[MPlayer-users] Mplayer win32 audio to alternate output

David Bolen db3l.net at gmail.com
Thu Mar 5 01:23:24 CET 2009


"Brian J. Simecek" <BSimecek at InfoShare-Consulting.com> writes:

> Is there a way to send the audio from mplayer to an alternate output?  I'm
> running a dual monitor setup and have two sets of speakers connected to
> different outs on the sound card (two video's at once).  I've searched
> through the documentation and havn't found anything.

Are the two "outs" totally independent, or just different channels on
the same device?  If a completely discrete device, the dsound driver
has a device parameter that should let you control which output device
is used.

If you're instead trying to use a subset of the available channel
outputs of a single audio device (which it sounds like given that you
reference a single sound card) you may be doing something similar to
what I am.  I have a setup where we split the pair of normal stereo
output channel speakers among two screens.  I have two mplayer
instances, one for each screen.

What I do is use the channels audio filter to remap just the channel
in the source I need to the appropriate output channel (left or right)
while excluding anything else in the source.  In my case I never have
more than one source channel (generally straight through, but
occasionally reversed), but no reason you can't map multiple channels.

So for example, if I'm on the screen with the "left" speaker on the
sound card, I use something like:
    -af channels=2:1:0:0   (end with 1:1 for the source's right channel)
or if that same media was playing on the screen with the "right" speaker
it would be:
    -af channels=2:1:1:1   (end with 0:1 for the source's left channel)
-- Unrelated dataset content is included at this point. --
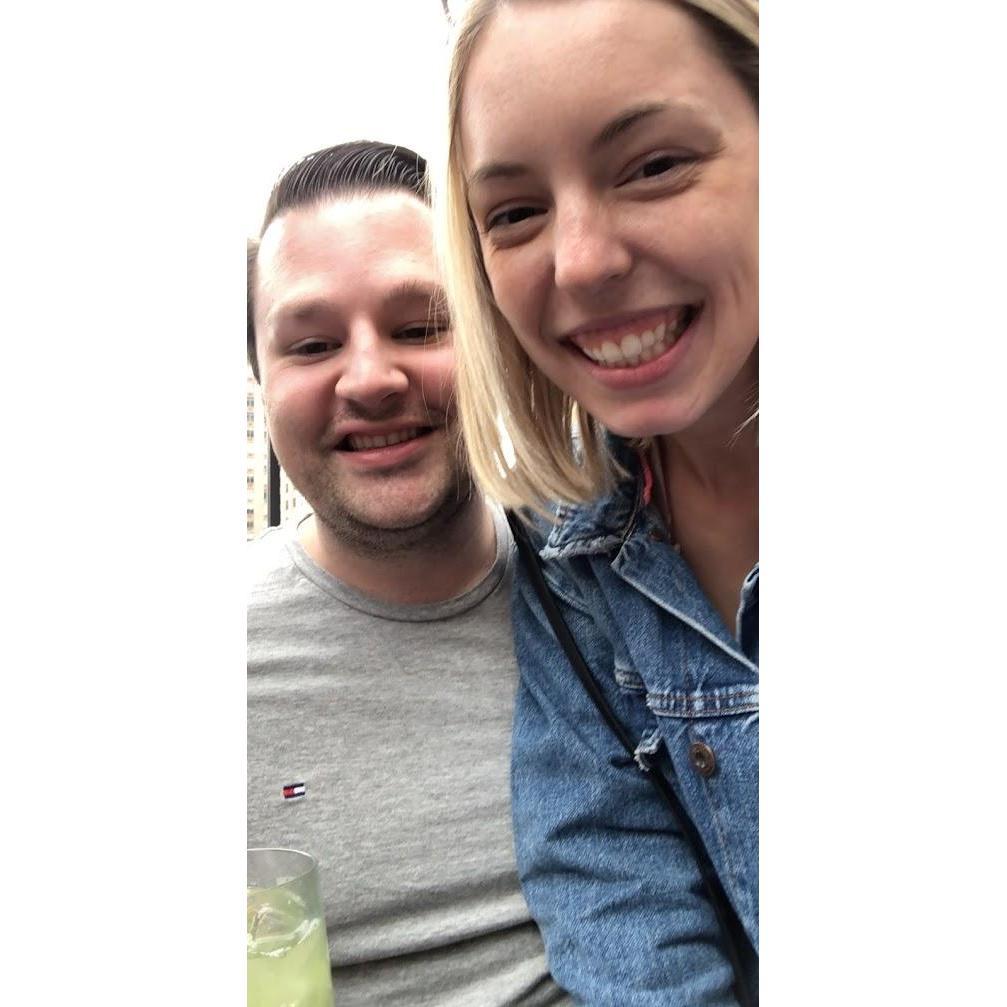 Our first picture together- May 2019!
I found it important to actually generate stereo output even though
only one of the channels had information or else I'd get glitches on
the other channel.

I have an additional complexity as I ended up using the win32 audio
output driver, as the default dsound driver caused audio glitches at
the end of media where the audio stream was shorter than the video.

But the win32 driver controls the master wave volume portion of the
system audio mixer, which affects all channels, so the two mplayers
would interfere with each other.

In response I stopped using mplayer for volume and instead controlled
the wave mixer volume myself, being sure to only adjust the channel I
was responsible for.

But that shouldn't be a problem if you can use dsound.